■ **Data**
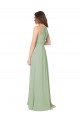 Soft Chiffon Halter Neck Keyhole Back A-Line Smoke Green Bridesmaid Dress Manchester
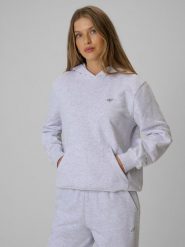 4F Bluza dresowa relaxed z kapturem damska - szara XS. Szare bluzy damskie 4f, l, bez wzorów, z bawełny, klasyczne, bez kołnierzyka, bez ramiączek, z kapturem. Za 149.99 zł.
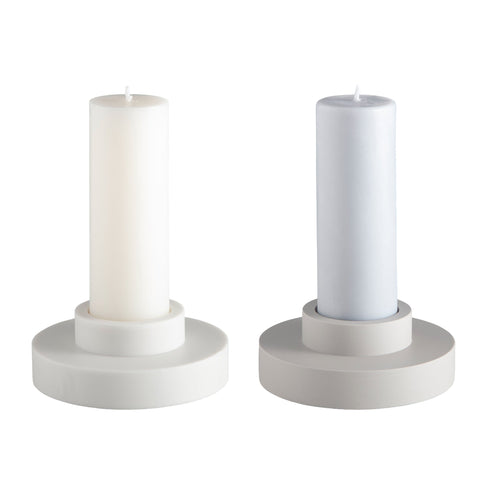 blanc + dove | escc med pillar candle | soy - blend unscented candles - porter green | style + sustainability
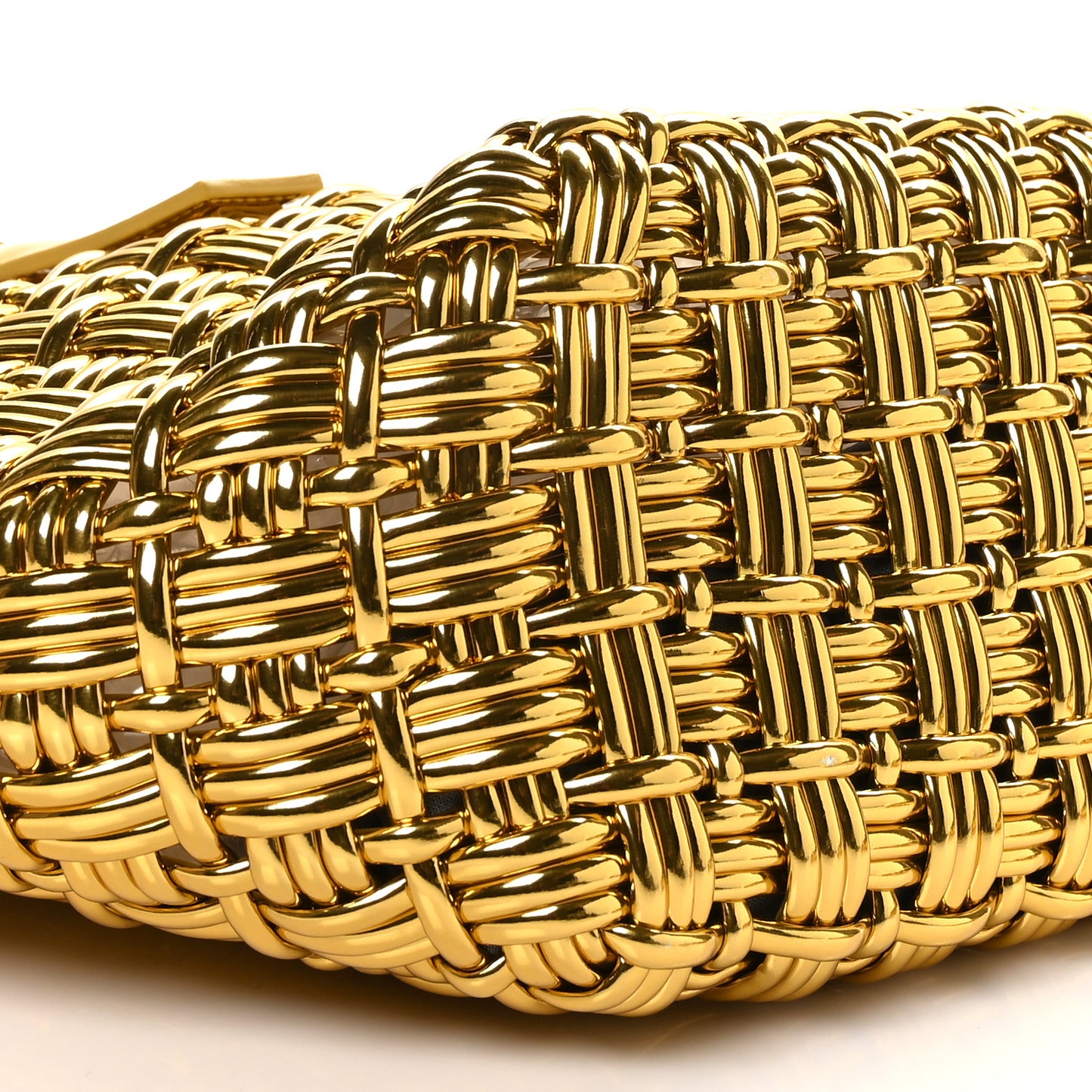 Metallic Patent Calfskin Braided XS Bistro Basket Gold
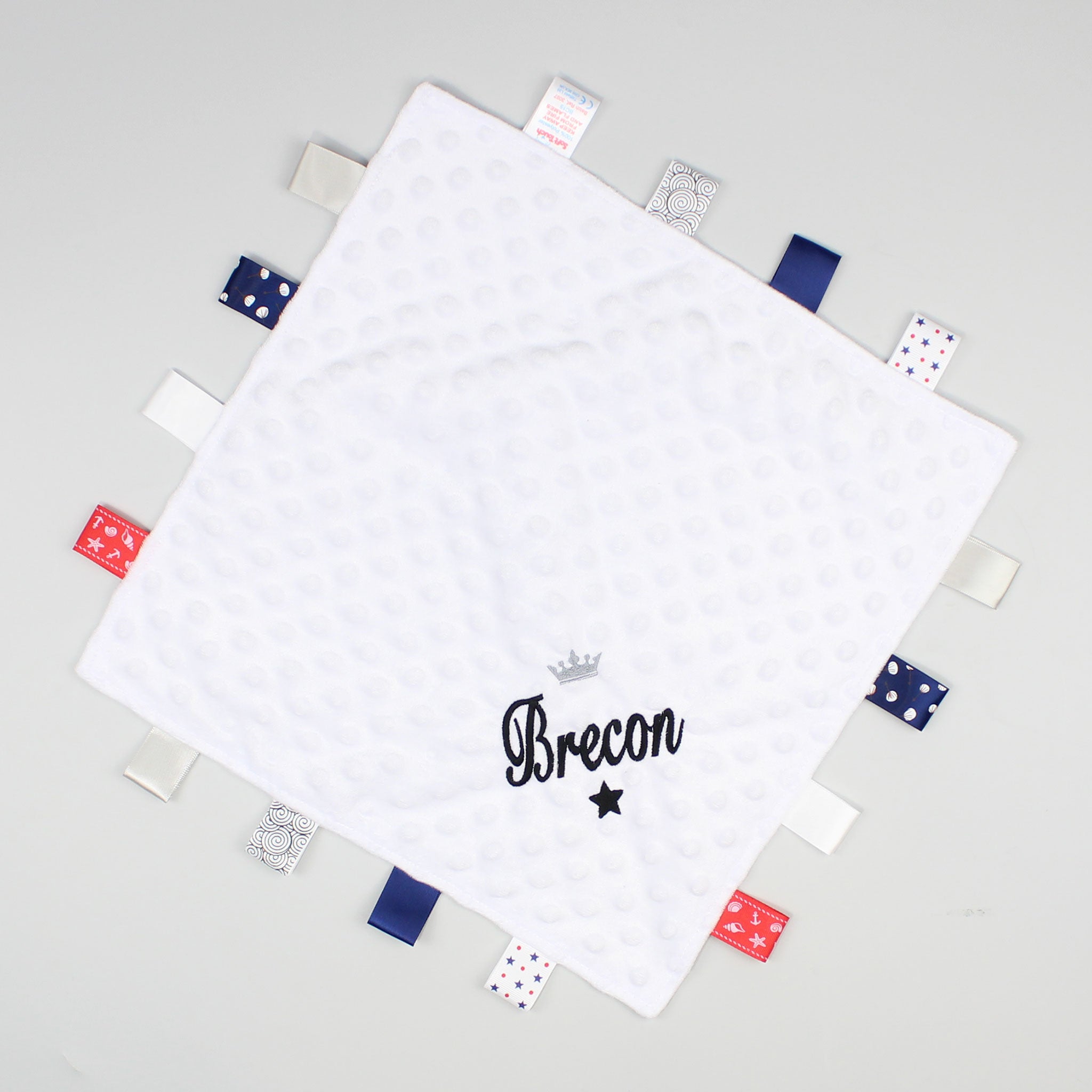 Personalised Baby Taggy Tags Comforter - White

...

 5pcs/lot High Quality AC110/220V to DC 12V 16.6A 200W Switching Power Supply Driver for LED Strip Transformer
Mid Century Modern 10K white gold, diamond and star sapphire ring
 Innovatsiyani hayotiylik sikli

==

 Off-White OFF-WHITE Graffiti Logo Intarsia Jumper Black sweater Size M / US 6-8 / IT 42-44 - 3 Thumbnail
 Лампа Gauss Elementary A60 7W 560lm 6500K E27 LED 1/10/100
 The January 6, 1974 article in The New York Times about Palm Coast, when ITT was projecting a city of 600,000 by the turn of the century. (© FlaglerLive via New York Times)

■ **What is required**
Beginning at the line above that contains "4F Bluza dresowa" and going on through the line that contains "Personalised Baby Taggy", please copy every line exactly, leaving the pictures out and adding nothing.

■ **Task output**
 4F Bluza dresowa relaxed z kapturem damska - szara XS. Szare bluzy damskie 4f, l, bez wzorów, z bawełny, klasyczne, bez kołnierzyka, bez ramiączek, z kapturem. Za 149.99 zł.
 blanc + dove | escc med pillar candle | soy - blend unscented candles - porter green | style + sustainability
 Metallic Patent Calfskin Braided XS Bistro Basket Gold
 Personalised Baby Taggy Tags Comforter - White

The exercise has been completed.